**Problem statement**
The answer is the data below, repeated exactly, with no pictures included.

**Data provided**
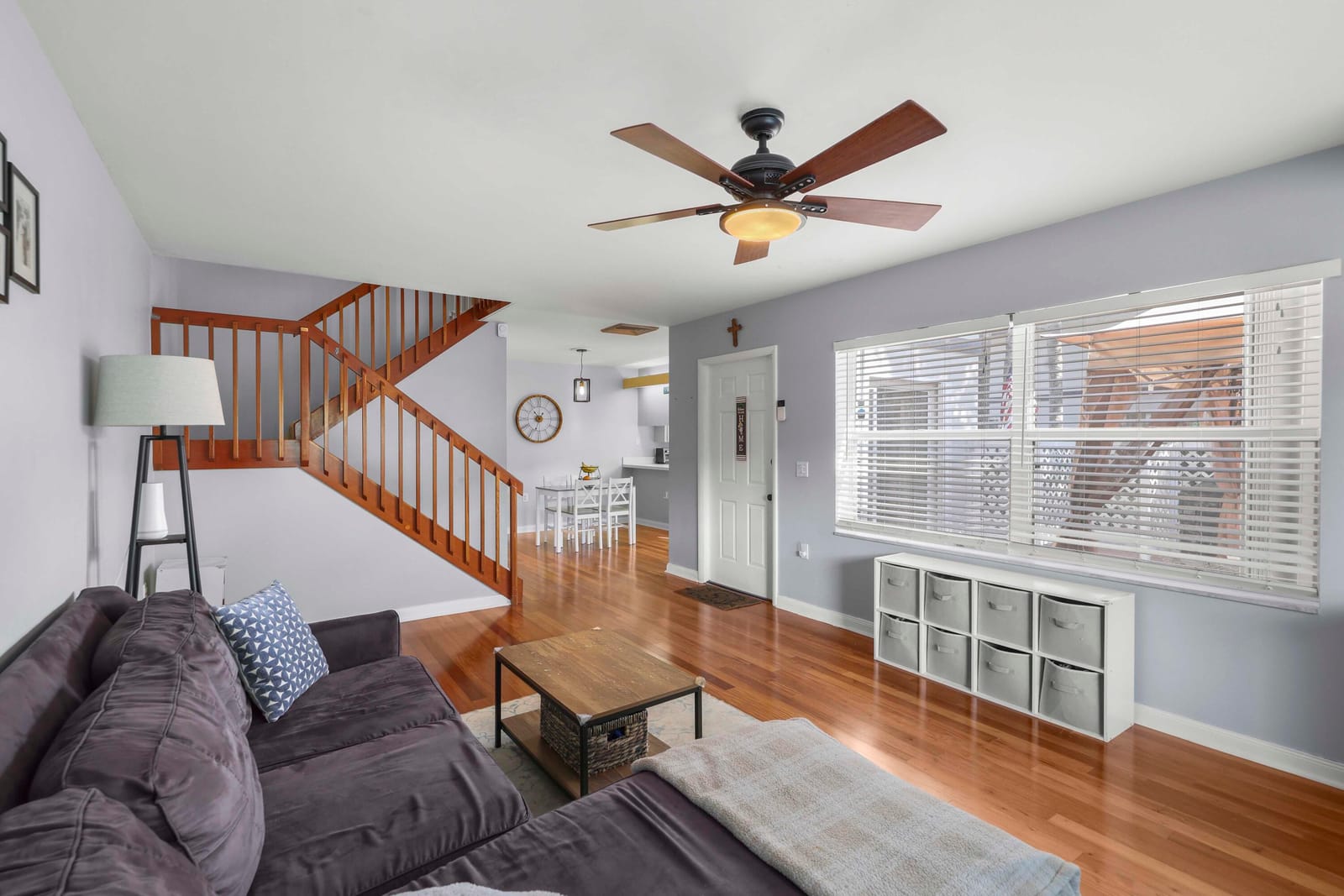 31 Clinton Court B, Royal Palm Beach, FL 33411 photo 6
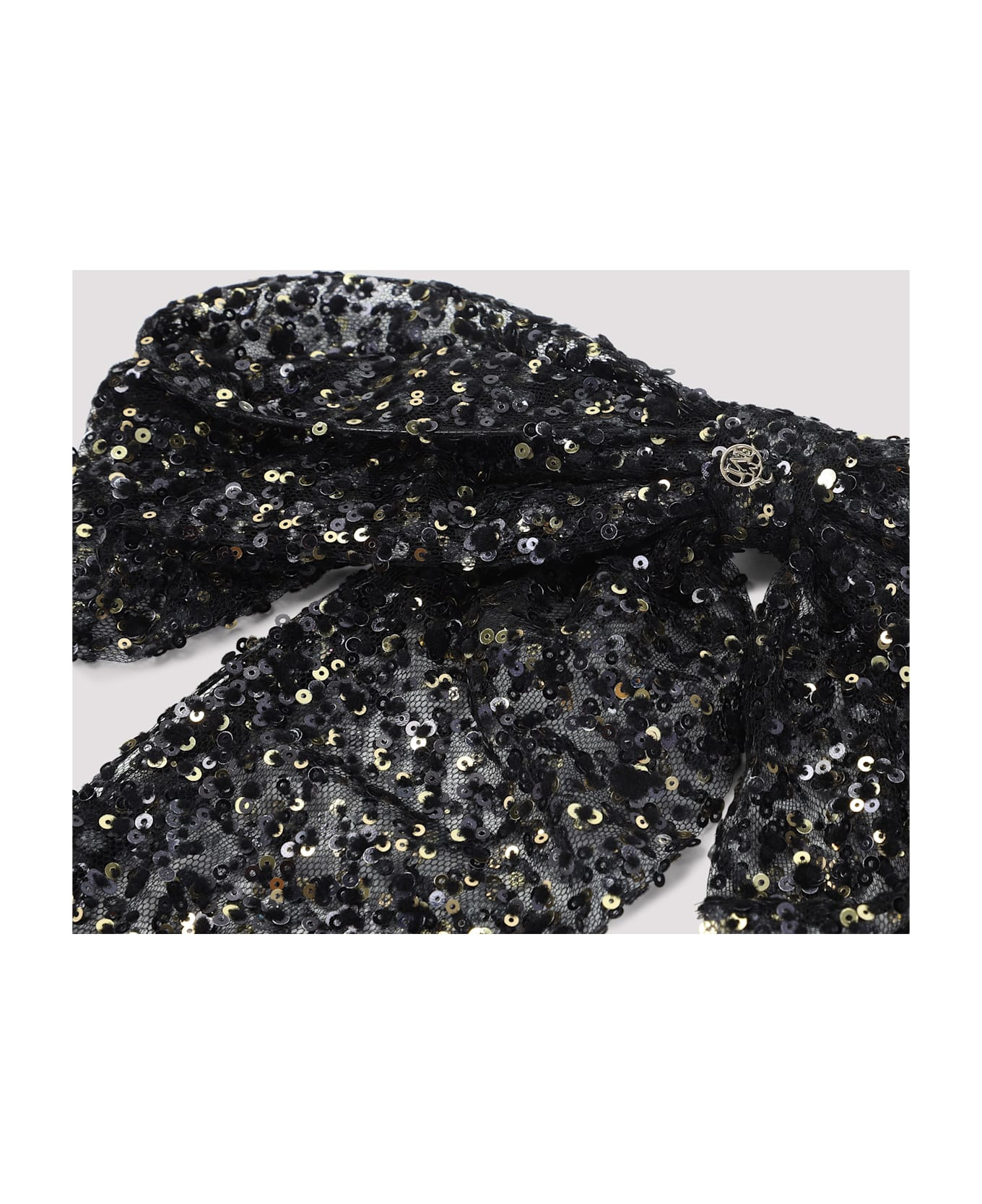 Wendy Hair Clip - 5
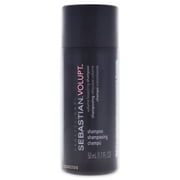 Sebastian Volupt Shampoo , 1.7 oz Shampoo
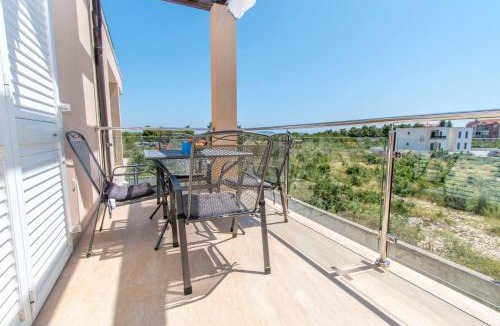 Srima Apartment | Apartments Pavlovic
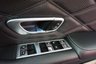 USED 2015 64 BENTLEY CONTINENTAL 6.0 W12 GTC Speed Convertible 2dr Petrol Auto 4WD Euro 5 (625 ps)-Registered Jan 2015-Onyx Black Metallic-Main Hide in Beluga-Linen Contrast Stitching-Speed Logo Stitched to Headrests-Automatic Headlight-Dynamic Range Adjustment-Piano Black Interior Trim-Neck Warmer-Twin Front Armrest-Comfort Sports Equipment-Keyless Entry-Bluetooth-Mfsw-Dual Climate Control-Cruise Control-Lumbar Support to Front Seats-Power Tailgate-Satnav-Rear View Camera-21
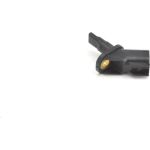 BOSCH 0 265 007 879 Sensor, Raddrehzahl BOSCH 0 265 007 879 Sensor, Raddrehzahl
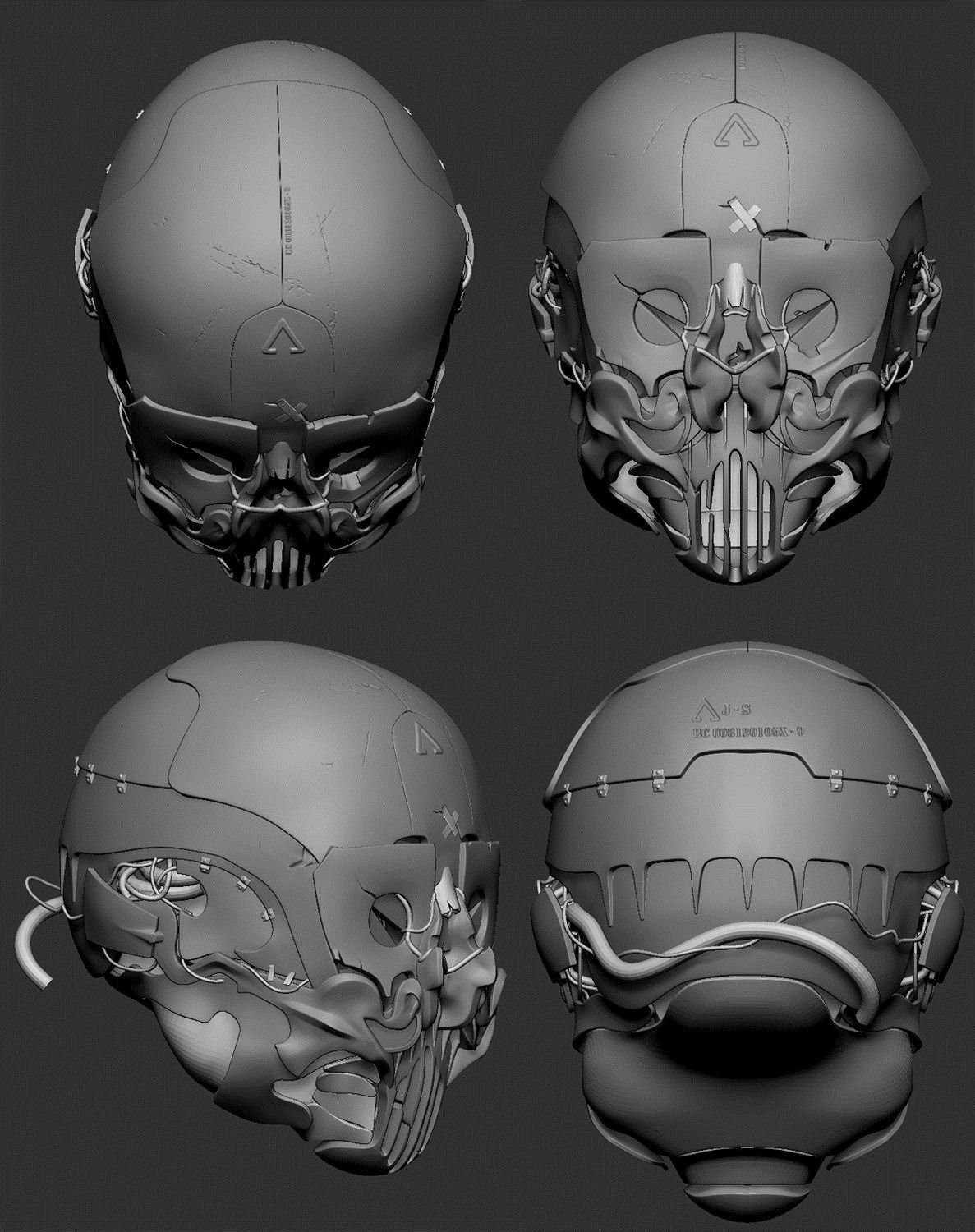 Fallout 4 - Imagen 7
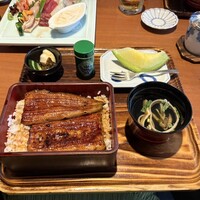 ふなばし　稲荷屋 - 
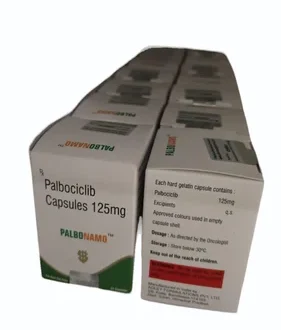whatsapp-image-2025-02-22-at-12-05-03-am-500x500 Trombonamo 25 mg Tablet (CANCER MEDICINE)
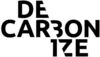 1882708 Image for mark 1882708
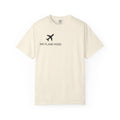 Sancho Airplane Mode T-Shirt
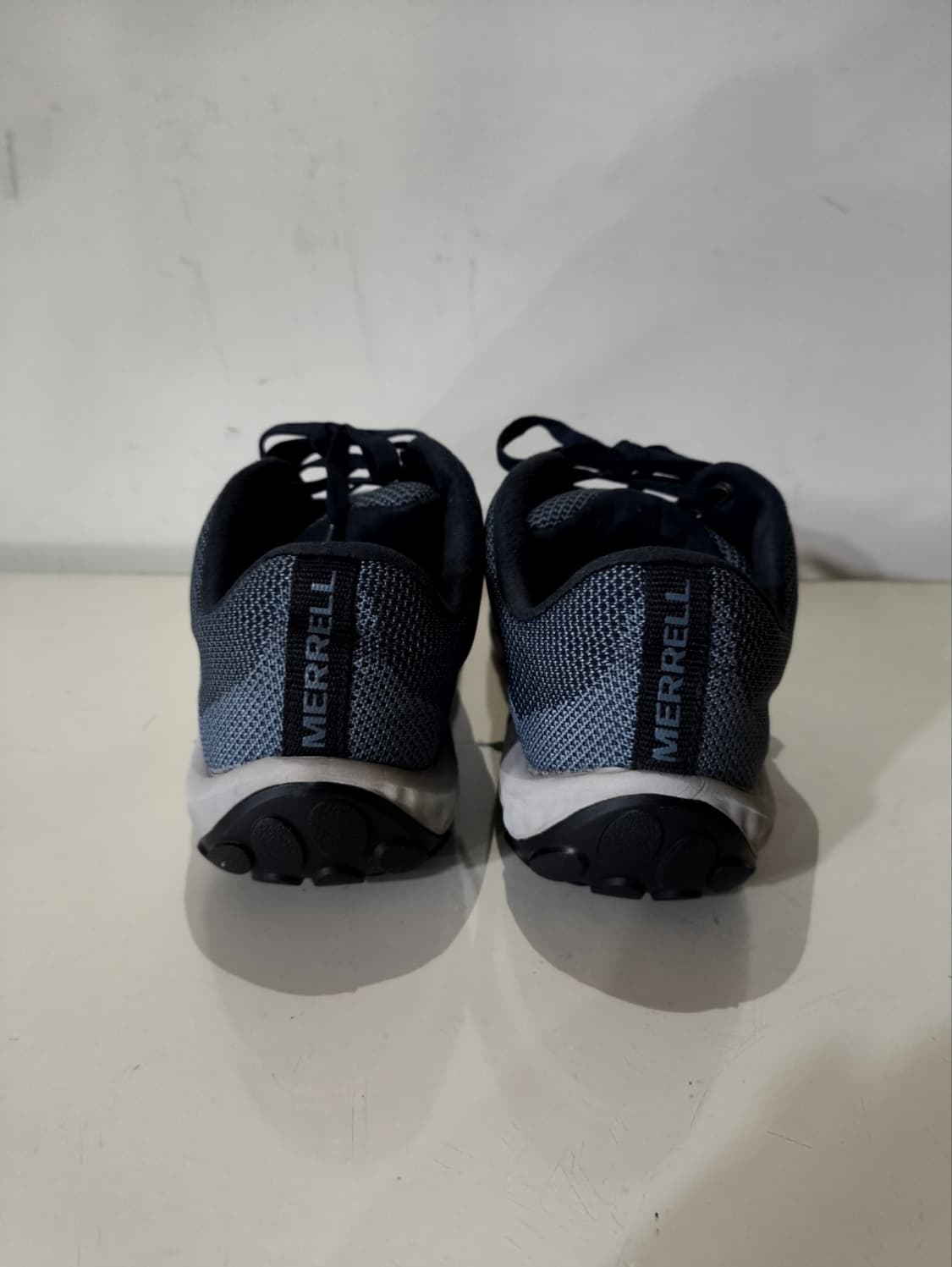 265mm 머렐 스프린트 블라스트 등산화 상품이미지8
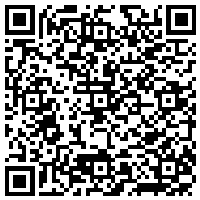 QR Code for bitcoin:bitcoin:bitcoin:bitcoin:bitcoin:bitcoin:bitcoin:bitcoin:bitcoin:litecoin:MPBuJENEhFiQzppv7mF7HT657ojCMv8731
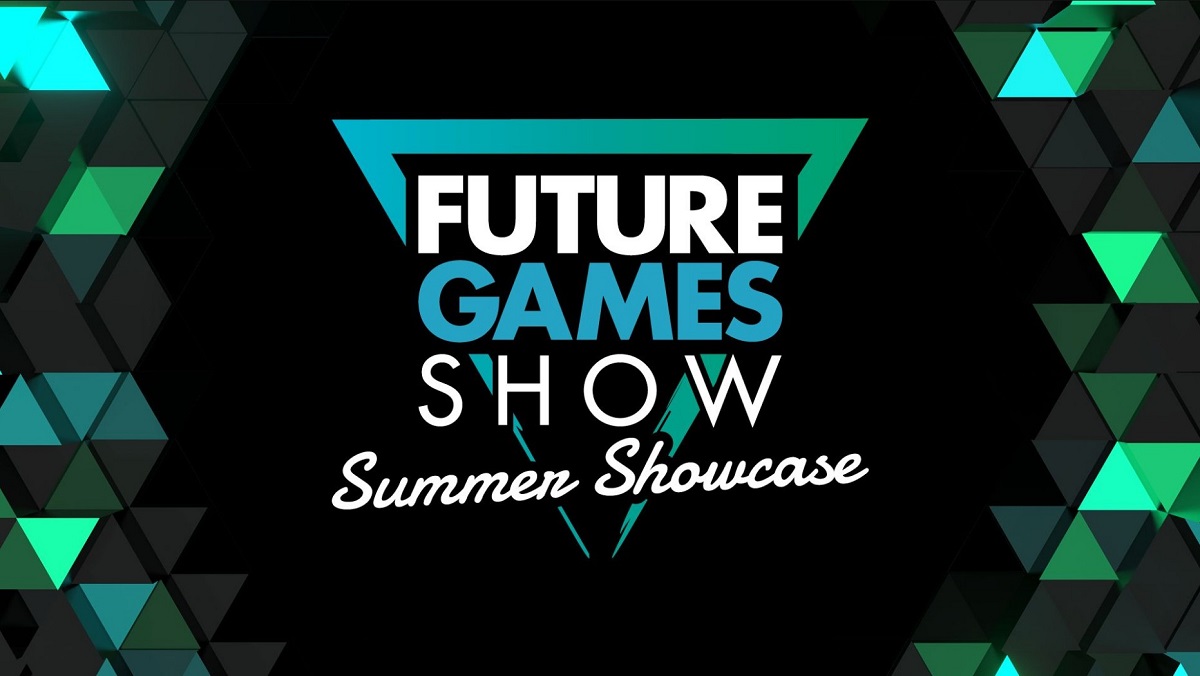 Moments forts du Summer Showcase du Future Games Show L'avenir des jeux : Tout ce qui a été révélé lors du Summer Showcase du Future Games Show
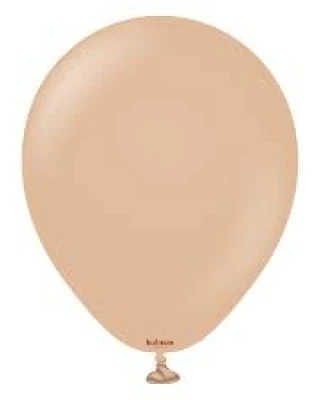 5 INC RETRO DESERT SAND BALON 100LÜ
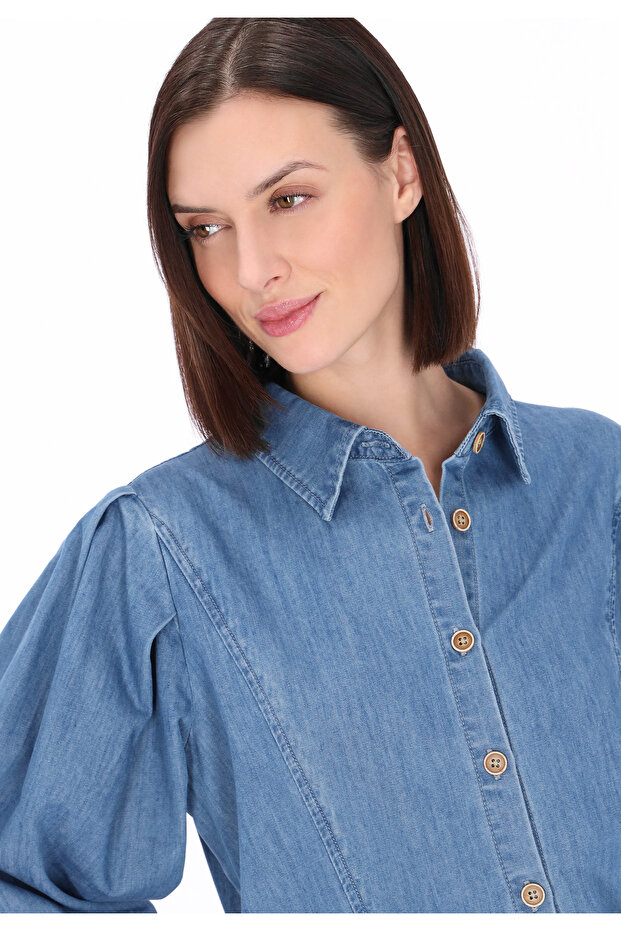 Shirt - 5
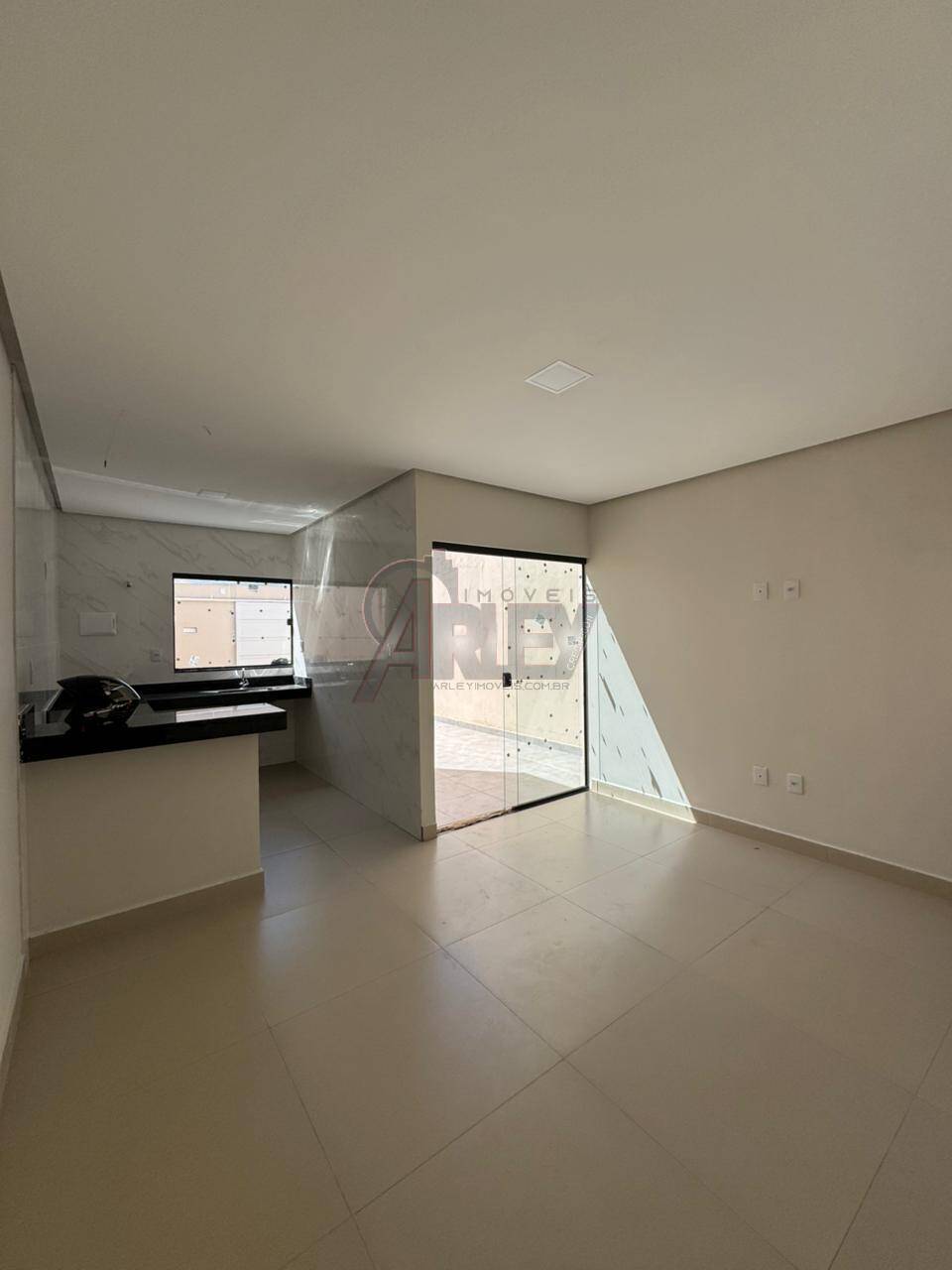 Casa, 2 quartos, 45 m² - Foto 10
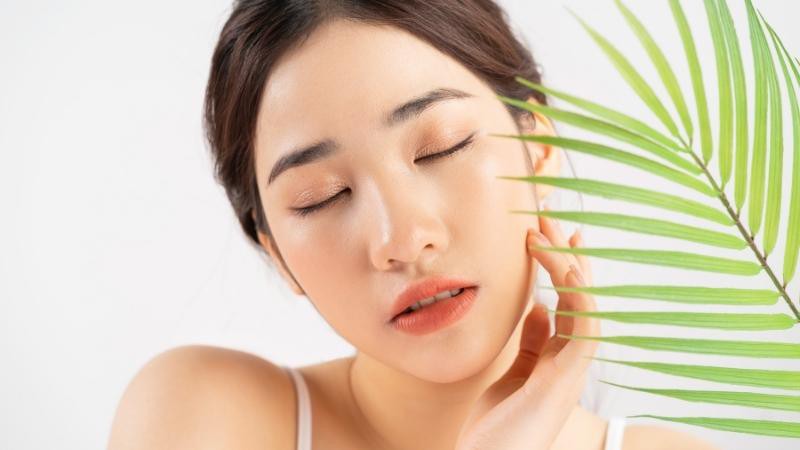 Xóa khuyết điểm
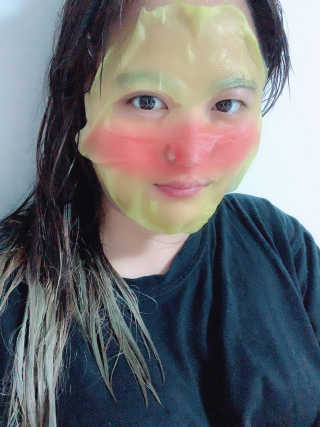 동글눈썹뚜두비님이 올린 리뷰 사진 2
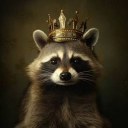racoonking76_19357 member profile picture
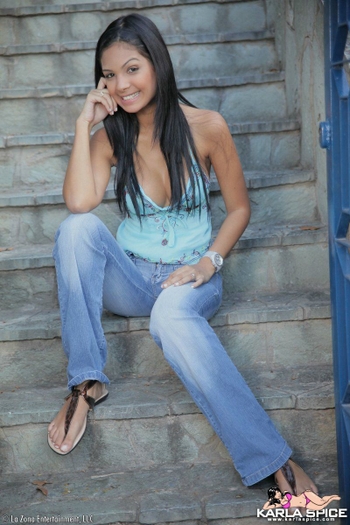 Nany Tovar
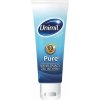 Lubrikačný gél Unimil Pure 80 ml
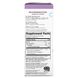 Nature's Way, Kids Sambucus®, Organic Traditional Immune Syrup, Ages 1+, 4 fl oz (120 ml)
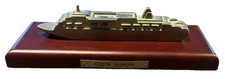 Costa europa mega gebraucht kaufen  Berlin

**Completed exercise**
 31 Clinton Court B, Royal Palm Beach, FL 33411 photo 6
 Wendy Hair Clip - 5
 Sebastian Volupt Shampoo , 1.7 oz Shampoo
 Srima Apartment | Apartments Pavlovic
 USED 2015 64 BENTLEY CONTINENTAL 6.0 W12 GTC Speed Convertible 2dr Petrol Auto 4WD Euro 5 (625 ps)-Registered Jan 2015-Onyx Black Metallic-Main Hide in Beluga-Linen Contrast Stitching-Speed Logo Stitched to Headrests-Automatic Headlight-Dynamic Range Adjustment-Piano Black Interior Trim-Neck Warmer-Twin Front Armrest-Comfort Sports Equipment-Keyless Entry-Bluetooth-Mfsw-Dual Climate Control-Cruise Control-Lumbar Support to Front Seats-Power Tailgate-Satnav-Rear View Camera-21
 BOSCH 0 265 007 879 Sensor, Raddrehzahl BOSCH 0 265 007 879 Sensor, Raddrehzahl
 Fallout 4 - Imagen 7
 ふなばし　稲荷屋 - 
whatsapp-image-2025-02-22-at-12-05-03-am-500x500 Trombonamo 25 mg Tablet (CANCER MEDICINE)
 1882708 Image for mark 1882708
 Sancho Airplane Mode T-Shirt
 265mm 머렐 스프린트 블라스트 등산화 상품이미지8
 QR Code for bitcoin:bitcoin:bitcoin:bitcoin:bitcoin:bitcoin:bitcoin:bitcoin:bitcoin:litecoin:MPBuJENEhFiQzppv7mF7HT657ojCMv8731
 Moments forts du Summer Showcase du Future Games Show L'avenir des jeux : Tout ce qui a été révélé lors du Summer Showcase du Future Games Show
 5 INC RETRO DESERT SAND BALON 100LÜ
 Shirt - 5
 Casa, 2 quartos, 45 m² - Foto 10
 Xóa khuyết điểm
 동글눈썹뚜두비님이 올린 리뷰 사진 2
racoonking76_19357 member profile picture
 Nany Tovar
 Lubrikačný gél Unimil Pure 80 ml
 Nature's Way, Kids Sambucus®, Organic Traditional Immune Syrup, Ages 1+, 4 fl oz (120 ml)
 Costa europa mega gebraucht kaufen  Berlin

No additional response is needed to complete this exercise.